My only advice to you would be to keep the ibus of the finished beer extremely low. Sour/low ph and bitterness are very conflicting flavors and leave this flavor as if you chewed Tylenol. Even hot whirlpool temps can add enough bitterness to show this confliction. I would just do a 3-4 oz whirlpool at 150*f and dryhop the hell out of it.
 
Last edited:
Good info in this link. I did Method 2 and it was a huge hit. Method 3 sounds like what you may have in mind

https://byo.com/article/hoppy-sour-beers/
Method #1 won't produce a sour beer. No way in hell would OYL-605 overcome 3oz of hops.

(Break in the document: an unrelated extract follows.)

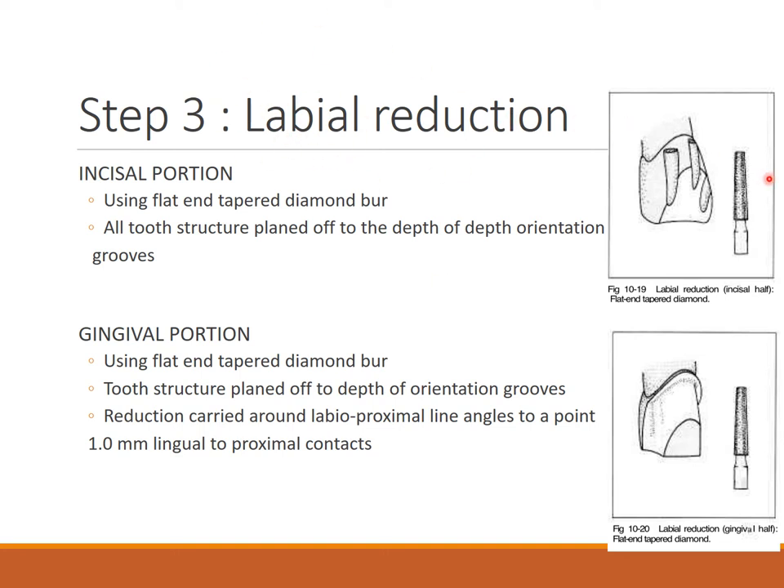Step three is labial reduction. Using a flat and tapered diamond burr, all tooth surface is planed off to the depth of the orientation grooves — first the incisal portion, then the gingival portion. The reduction is extended around the labial proximal line angles to 0.1 mm lingual to the proximal contacts.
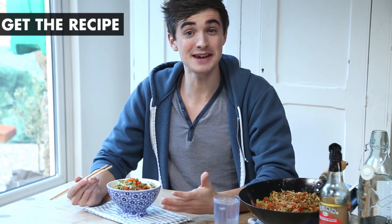Leave me a comment telling me if you've ever made egg fried rice, and if you want to see more Asian dishes, what are they? Leave me a comment in the box below. Please give me a big thumbs up and subscribe to the channel. See you soon guys.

Method #2 won't produce a Saison. (It's a kettle sour with Brett primary.)
Method #3 is the traditional process I described above. :) (Except with 0.75oz of hops in their recipe, you're looking at probably 6-14 months to sour with Pedio from a yeast lab.)
 
Method 2 isn't a Saison. Method 1 is the Sasion and he says its more Saison than sour.
Method 3 he states that they aged it for 1 year
 
Last edited:
Hudson Valley and Rare Barrel are both making similar beers. They’re blending a barrel aged sour beer into an IPA right before packaging. Honestly this is the best way to do it. Dry hopping at low pH can produce some rather undesirable flavors and aromas. As far as I know the “sour” beer they’re blending in doesn’t have Brett, and has a similar FG to the IPA. That way there is no issues with refermentation when the two beers are blended together.

Make two separate beers then blend a portion of them together until you hit your desired pH/acidity. You have to go really really big on the dry hop on the IPA in order for the hops to come through in the finished beer. Once you blend the acid beer in the hop profile goes way down.